RECORD SET ▸
----

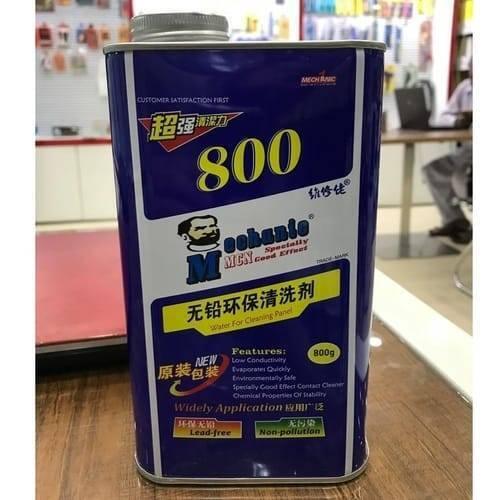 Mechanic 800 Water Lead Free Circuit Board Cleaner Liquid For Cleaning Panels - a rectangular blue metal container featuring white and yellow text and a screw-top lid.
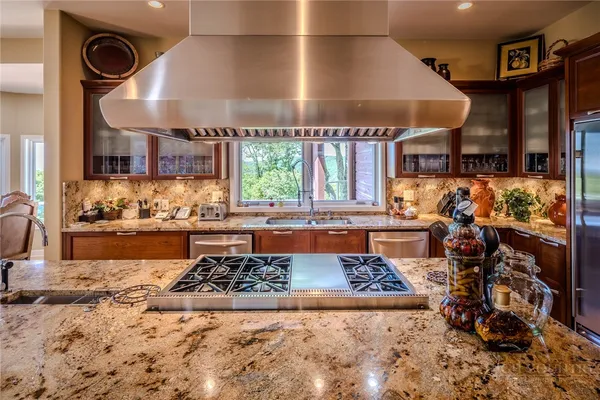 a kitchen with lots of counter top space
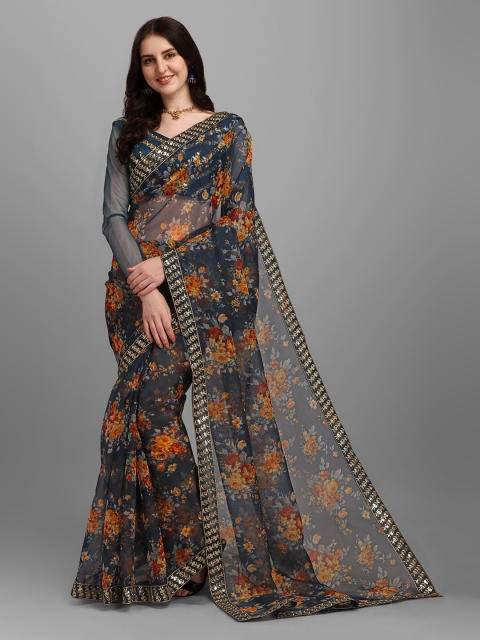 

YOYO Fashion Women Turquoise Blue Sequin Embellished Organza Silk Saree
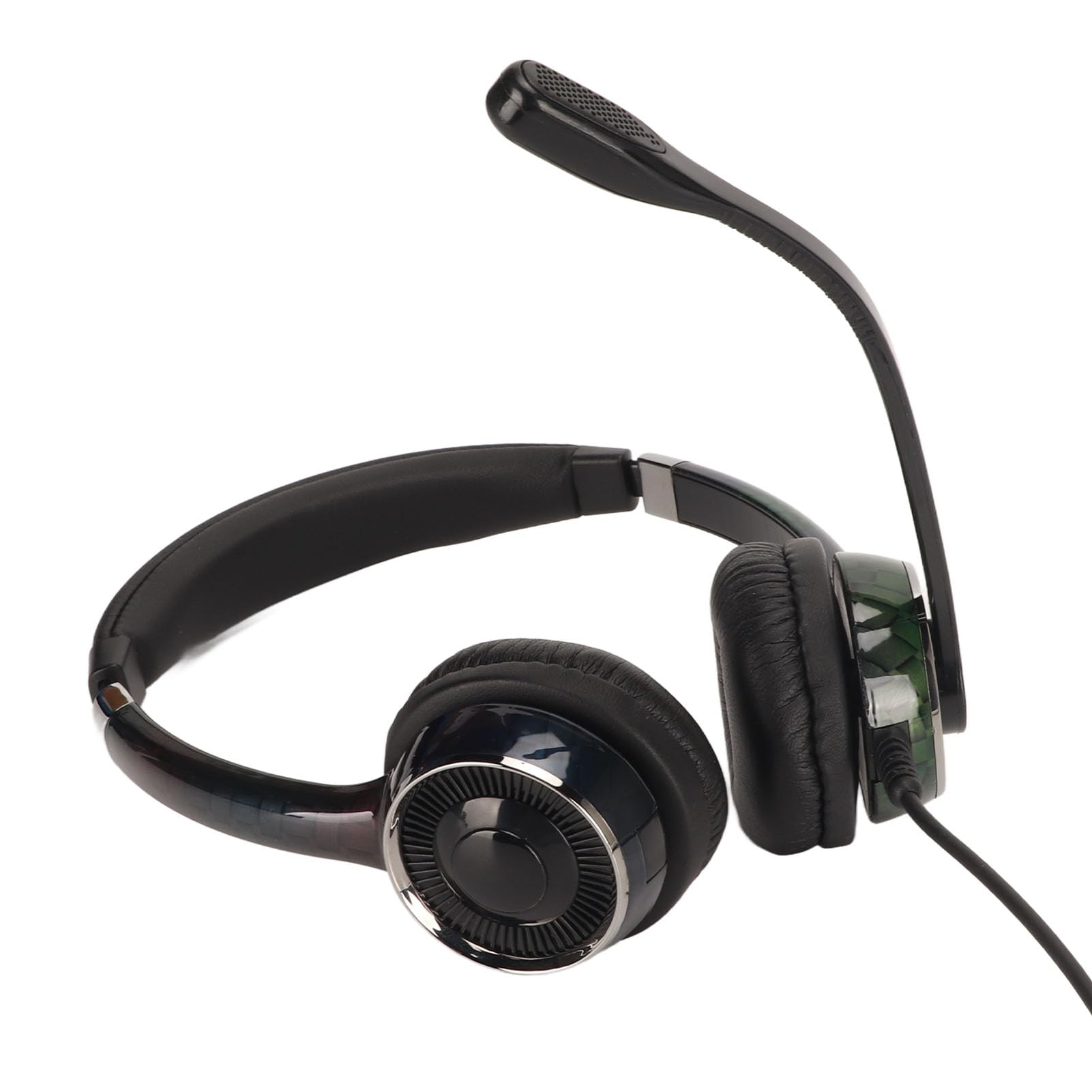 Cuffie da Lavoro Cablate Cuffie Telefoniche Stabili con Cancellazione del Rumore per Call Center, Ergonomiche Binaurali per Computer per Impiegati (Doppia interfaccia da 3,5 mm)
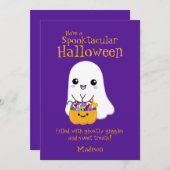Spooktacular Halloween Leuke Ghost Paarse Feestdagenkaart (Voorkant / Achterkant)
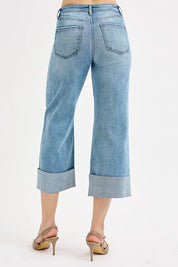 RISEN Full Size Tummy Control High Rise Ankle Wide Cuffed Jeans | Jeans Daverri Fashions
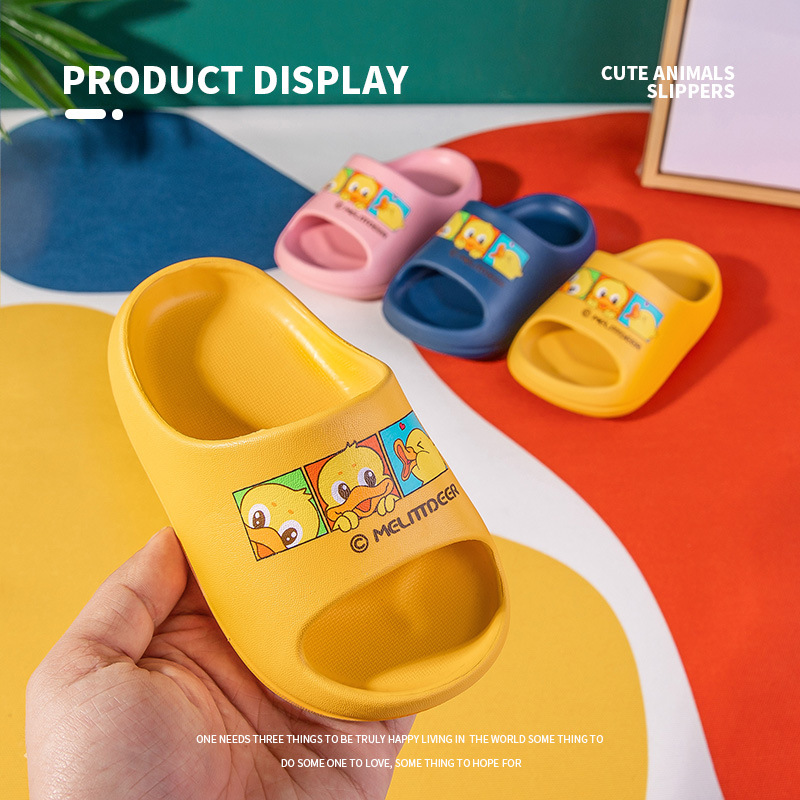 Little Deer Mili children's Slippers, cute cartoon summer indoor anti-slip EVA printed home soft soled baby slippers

----

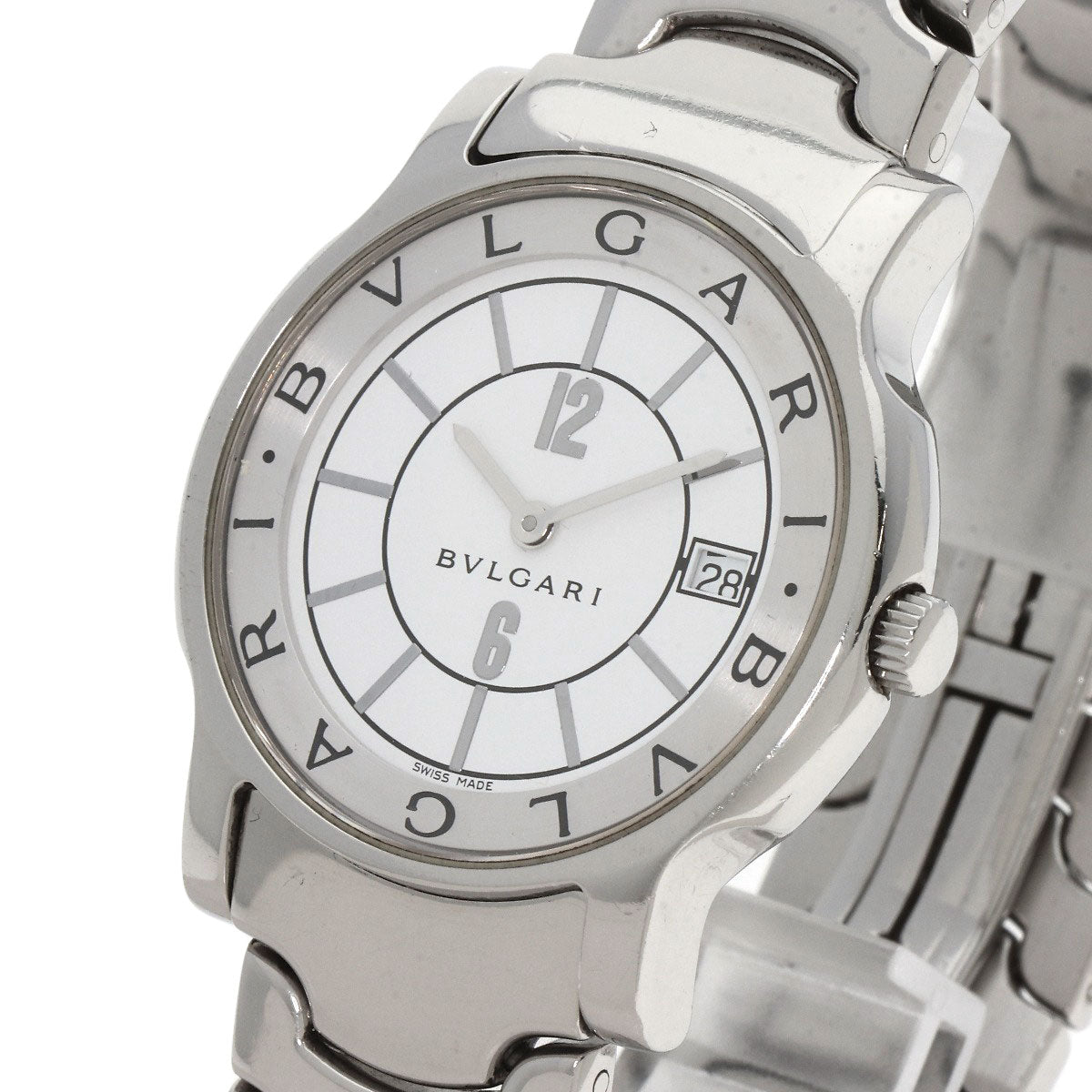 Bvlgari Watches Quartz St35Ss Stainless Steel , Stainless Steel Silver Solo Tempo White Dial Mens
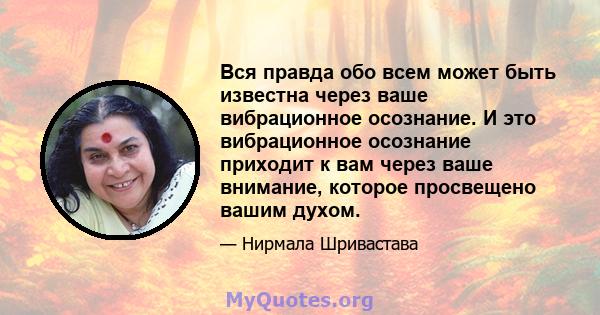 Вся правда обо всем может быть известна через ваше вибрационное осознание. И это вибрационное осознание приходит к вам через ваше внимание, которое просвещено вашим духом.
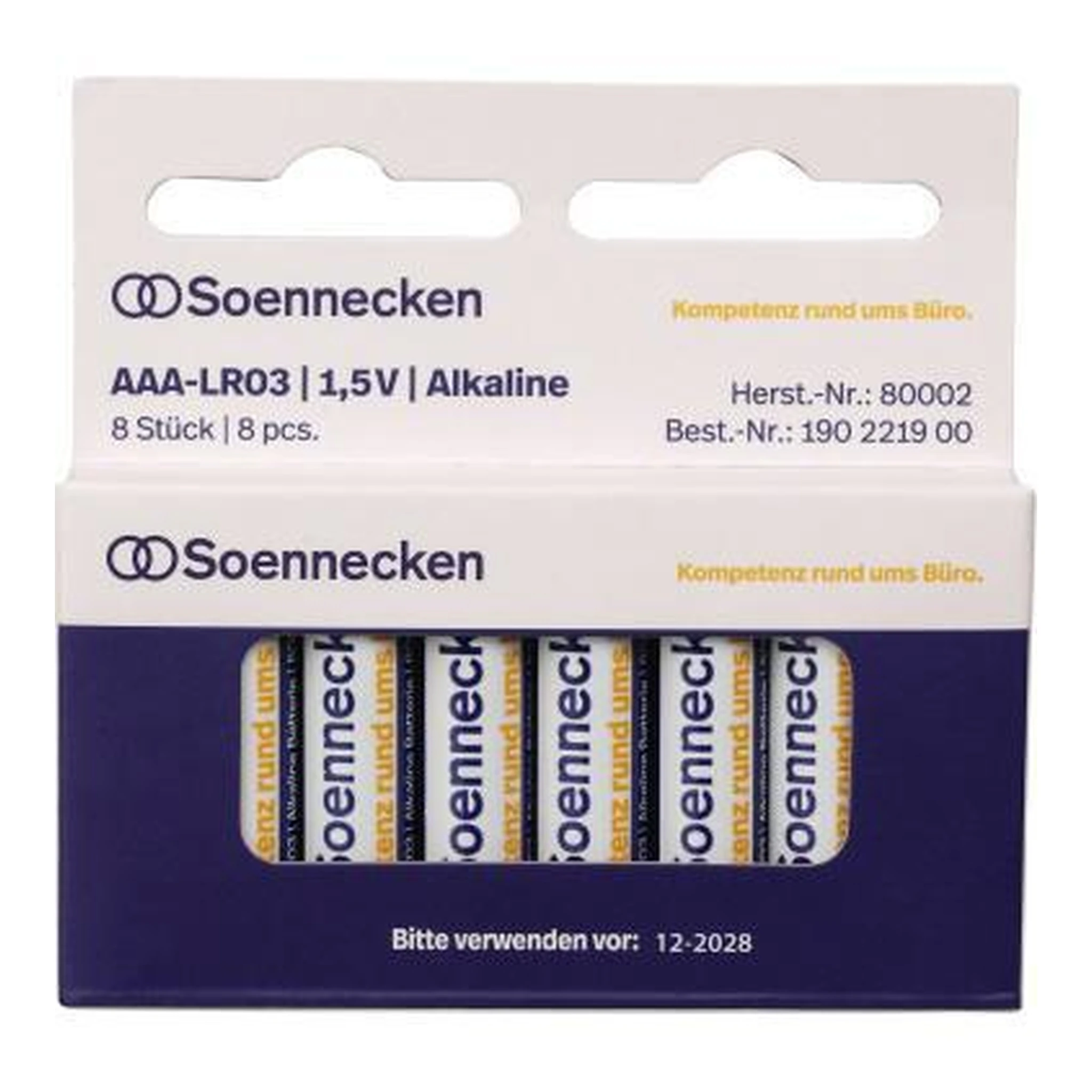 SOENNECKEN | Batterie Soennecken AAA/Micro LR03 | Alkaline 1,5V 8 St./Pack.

----

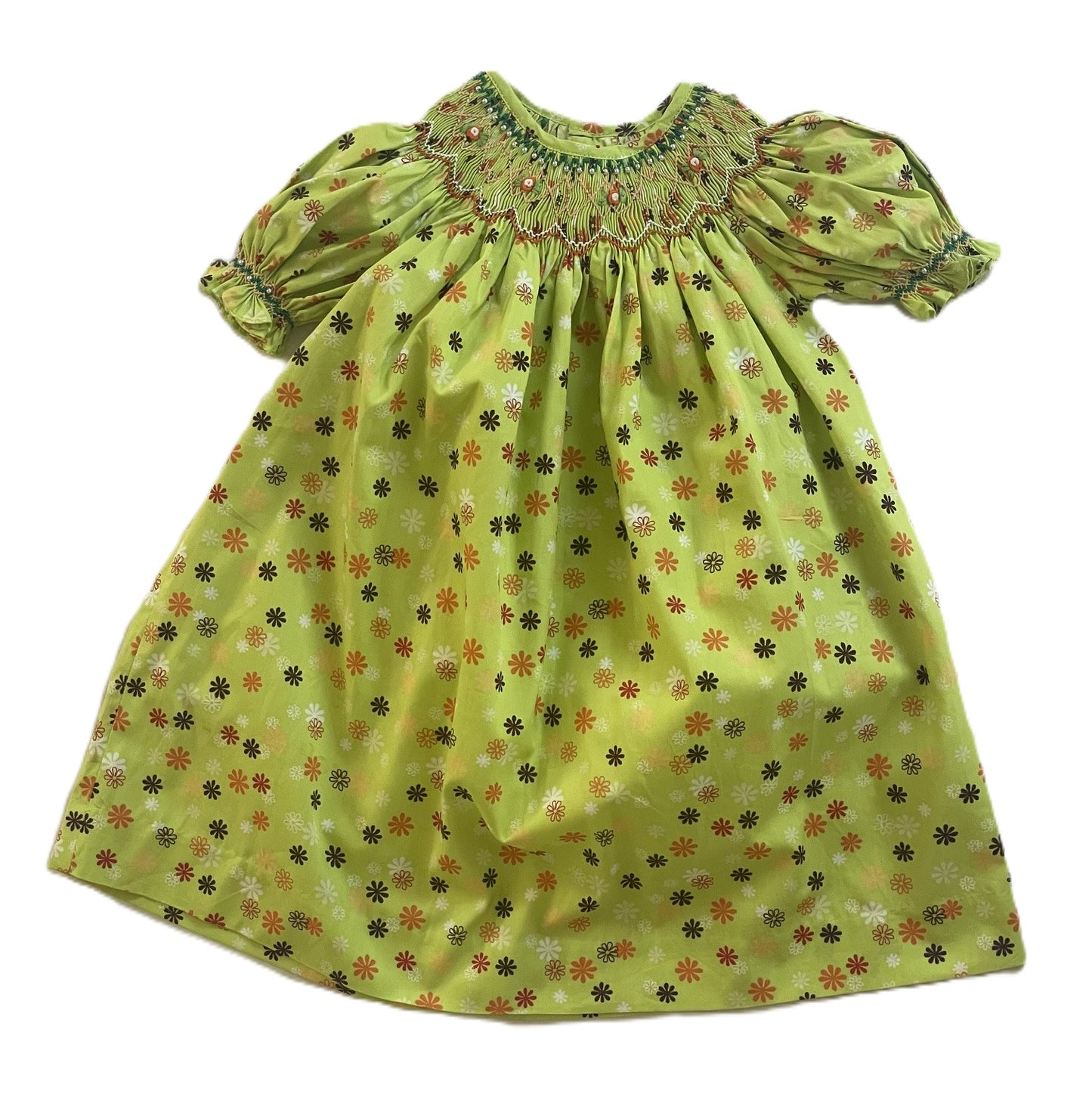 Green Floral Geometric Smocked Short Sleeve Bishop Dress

----

Would you write out exactly the lines above, starting at the line containing "Mechanic 800 Water" and stopping after the line containing "Little Deer Mili"? Omit the pictures.

 Mechanic 800 Water Lead Free Circuit Board Cleaner Liquid For Cleaning Panels - a rectangular blue metal container featuring white and yellow text and a screw-top lid.
 a kitchen with lots of counter top space

YOYO Fashion Women Turquoise Blue Sequin Embellished Organza Silk Saree
 Cuffie da Lavoro Cablate Cuffie Telefoniche Stabili con Cancellazione del Rumore per Call Center, Ergonomiche Binaurali per Computer per Impiegati (Doppia interfaccia da 3,5 mm)
Spooktacular Halloween Leuke Ghost Paarse Feestdagenkaart (Voorkant / Achterkant)
 RISEN Full Size Tummy Control High Rise Ankle Wide Cuffed Jeans | Jeans Daverri Fashions
 Little Deer Mili children's Slippers, cute cartoon summer indoor anti-slip EVA printed home soft soled baby slippers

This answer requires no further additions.